Appellant was tried on the present charge in October 1976. At that time the attorneys for the government and appellant stipulated that the evidence of the prior arrest was not to be admitted. The jury was unable to reach a verdict, and a mistrial resulted.
At the second trial, the government introduced evidence of the prior arrest, over appellant's objection, as part of its case in chief. Appellant re-explained the first arrest. He also related how he had accidentally found the marijuana in the present case and had picked it up in his van in order to turn it over to authorities and clear his name and record. The jury returned a verdict of guilty at this second trial and appellant was sentenced to a term of four years. This appeal followed.

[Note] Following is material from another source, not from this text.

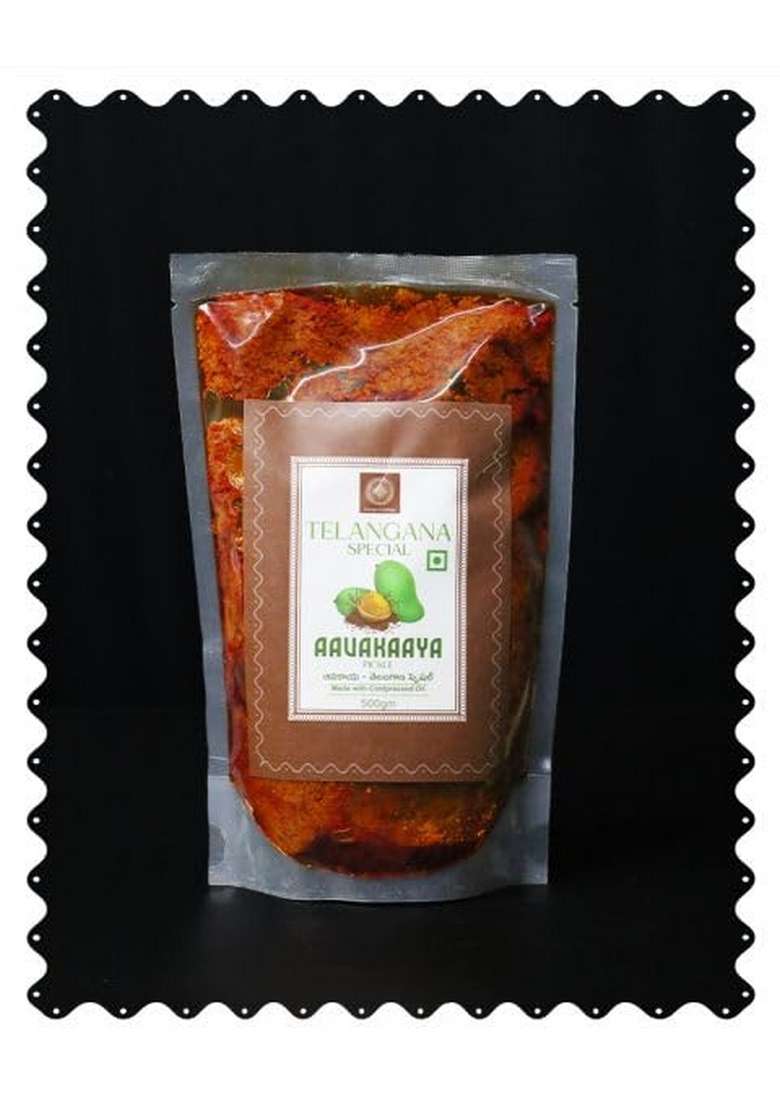 Kalagura Gampa Telangana Special Aavakaya Coldpressed Oil Agrahaaram 250 Grams - Indya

Rule 404(b) of the Federal Rules of Evidence provides:
This rule codifies prior case law. See Parker v. United States, 400 F.2d 248, 252 (9 Cir.), cert. denied, 393 U.S. 1097, 89 S.Ct. 892, 21 L.Ed.2d 789 (1968).
The rule represents one of inclusion which admits evidence of other crimes or acts relevant to an issue in the trial, except where it tends to prove only criminal disposition. United States v. Riggins, 539 F.2d 682, 683 (9 Cir. 1976). The question on appeal is whether the district court abused its discretion when it decided that the tendency of the evidence in question to prove the essential elements of knowledge and intent outweighed its potential prejudice. United States v. Perez, 491 F.2d 167, 172 (9 Cir.), cert. denied, 419 U.S. 858, 95 S.Ct. 106, 42 L.Ed.2d 92 (1974).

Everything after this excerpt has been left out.